The biggest challenge is around the best way to incorporate copyvio scores. The engineers here are still discussing and thinking through options, so we unfortunately do not have a complete plan right now. We are eager to hear anything that community members can add to the mix to help us define a path forward. There are three main issues:
- Usage of existing tools: Although Earwig's Copyvio Detector and CopyPatrol are two working and valuable tools for copyvio, we will unfortunately not be able to simply incorporate their APIs or their code directly into the New Pages Feed. As much as we'd like to take advantage of that existing work, the issue is that the New Pages Feed is part of the MediaWiki software, and we are bound by the general rule of not depending on external tools within MediaWiki, because of the risk that adds to the New Pages Feed breaking if the external tools break. This means that to implement copyvio for New Pages Feed, we'll need build similar functionality to those existing tools, as opposed to inheriting what those tools already do.

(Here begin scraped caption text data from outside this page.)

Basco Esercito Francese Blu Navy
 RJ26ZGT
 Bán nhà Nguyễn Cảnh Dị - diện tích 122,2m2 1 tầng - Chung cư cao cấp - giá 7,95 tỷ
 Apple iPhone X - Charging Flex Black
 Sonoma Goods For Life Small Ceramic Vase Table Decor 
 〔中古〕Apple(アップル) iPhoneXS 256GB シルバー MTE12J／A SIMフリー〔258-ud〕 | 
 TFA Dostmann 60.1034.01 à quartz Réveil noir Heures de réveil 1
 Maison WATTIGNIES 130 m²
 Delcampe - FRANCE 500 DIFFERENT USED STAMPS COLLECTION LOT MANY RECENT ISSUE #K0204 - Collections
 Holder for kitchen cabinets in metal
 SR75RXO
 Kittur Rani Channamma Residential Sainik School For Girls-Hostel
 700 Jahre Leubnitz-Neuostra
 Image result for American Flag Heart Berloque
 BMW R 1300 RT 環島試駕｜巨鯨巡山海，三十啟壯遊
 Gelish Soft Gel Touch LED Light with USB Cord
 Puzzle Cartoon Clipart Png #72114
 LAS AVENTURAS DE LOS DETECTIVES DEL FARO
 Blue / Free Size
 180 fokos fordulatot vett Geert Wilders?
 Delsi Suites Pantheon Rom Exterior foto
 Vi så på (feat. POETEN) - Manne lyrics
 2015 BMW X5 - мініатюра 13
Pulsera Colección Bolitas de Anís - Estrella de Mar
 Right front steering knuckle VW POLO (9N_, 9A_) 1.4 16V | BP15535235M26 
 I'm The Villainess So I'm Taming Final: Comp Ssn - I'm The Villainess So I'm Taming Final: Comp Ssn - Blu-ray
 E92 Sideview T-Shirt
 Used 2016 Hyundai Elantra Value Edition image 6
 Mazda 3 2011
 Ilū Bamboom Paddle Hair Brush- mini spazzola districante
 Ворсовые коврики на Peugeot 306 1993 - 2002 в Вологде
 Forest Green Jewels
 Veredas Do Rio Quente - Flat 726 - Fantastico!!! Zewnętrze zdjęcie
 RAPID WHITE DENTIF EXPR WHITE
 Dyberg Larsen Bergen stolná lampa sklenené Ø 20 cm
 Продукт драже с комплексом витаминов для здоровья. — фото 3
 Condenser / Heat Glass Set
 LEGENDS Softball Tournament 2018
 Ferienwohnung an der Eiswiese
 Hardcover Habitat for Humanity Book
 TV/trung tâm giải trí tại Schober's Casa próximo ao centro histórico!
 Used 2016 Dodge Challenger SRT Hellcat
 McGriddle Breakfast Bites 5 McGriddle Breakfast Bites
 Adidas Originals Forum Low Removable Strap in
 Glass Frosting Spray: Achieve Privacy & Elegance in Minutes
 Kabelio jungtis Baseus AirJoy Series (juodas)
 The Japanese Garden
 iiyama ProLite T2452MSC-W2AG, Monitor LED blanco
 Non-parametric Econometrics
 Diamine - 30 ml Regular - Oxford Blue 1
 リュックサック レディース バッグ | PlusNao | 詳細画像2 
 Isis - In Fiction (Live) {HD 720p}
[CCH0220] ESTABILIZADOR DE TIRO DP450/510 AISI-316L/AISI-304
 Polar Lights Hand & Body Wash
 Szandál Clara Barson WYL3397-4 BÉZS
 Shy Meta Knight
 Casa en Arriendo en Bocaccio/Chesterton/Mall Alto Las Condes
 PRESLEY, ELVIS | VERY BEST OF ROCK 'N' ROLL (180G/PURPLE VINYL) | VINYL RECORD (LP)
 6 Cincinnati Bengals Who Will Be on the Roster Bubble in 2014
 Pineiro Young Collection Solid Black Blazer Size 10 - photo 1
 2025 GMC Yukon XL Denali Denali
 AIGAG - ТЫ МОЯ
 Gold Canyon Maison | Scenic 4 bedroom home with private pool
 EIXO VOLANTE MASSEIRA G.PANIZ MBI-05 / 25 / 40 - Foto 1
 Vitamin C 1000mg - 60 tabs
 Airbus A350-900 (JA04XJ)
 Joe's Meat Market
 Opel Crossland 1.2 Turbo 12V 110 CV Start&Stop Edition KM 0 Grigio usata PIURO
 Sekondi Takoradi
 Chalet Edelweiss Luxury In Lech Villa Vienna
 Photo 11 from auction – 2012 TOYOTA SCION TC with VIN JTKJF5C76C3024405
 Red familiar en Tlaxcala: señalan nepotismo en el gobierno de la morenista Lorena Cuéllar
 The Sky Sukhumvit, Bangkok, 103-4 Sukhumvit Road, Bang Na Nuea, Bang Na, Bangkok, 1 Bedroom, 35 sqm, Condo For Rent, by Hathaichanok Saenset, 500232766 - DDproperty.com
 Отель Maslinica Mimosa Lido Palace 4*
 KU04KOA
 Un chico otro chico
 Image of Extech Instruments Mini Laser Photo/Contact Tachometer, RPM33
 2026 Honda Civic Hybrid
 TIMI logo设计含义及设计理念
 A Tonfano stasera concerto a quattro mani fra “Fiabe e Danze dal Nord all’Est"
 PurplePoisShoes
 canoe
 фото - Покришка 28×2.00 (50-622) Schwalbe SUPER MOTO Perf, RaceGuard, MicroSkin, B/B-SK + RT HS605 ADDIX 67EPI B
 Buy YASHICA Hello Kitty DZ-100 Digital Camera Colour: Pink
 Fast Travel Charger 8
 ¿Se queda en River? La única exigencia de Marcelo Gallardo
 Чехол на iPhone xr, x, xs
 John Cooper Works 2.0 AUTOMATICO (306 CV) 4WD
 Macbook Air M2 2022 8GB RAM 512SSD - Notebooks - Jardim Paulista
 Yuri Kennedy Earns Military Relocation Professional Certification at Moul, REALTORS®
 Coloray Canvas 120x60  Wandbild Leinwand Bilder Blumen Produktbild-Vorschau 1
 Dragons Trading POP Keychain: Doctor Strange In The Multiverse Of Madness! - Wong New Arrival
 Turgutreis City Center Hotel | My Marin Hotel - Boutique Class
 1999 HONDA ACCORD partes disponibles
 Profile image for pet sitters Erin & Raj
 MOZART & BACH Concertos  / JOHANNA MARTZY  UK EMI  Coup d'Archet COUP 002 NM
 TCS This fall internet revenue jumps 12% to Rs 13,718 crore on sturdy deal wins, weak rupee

- Services: There are two main services that the existing copyvio tools use. Earwig's tool uses both the Google API and Turnitin, and CopyPatrol uses only Turnitin. If we build new copyvio functionality, we'll need to decide which service(s) to use. There are pros and cons to both services. Google thoroughly checks the whole internet, while Turnitin's scope is more narrow. But on the other hand, Google requires much more coding logic to implement because its API is not built specifically for copyright searches, whereas Turnitin's API is built for exactly that purpose.
- Usage limitations: Both Google and Turnitin are services with limits, in that WMF only has a certain number of credits with which to run searches. Earwig's tool has historically hit limits (and therefore stopped working for the rest of the day), sometimes multiple times per week – though some recent changes may help. Adding additional load to either of those services through New Pages Feed means we'll need to (a) be conscious of how often we are scoring and rescoring pages with copyvio, and (b) potentially open discussions with those outside services about our limits.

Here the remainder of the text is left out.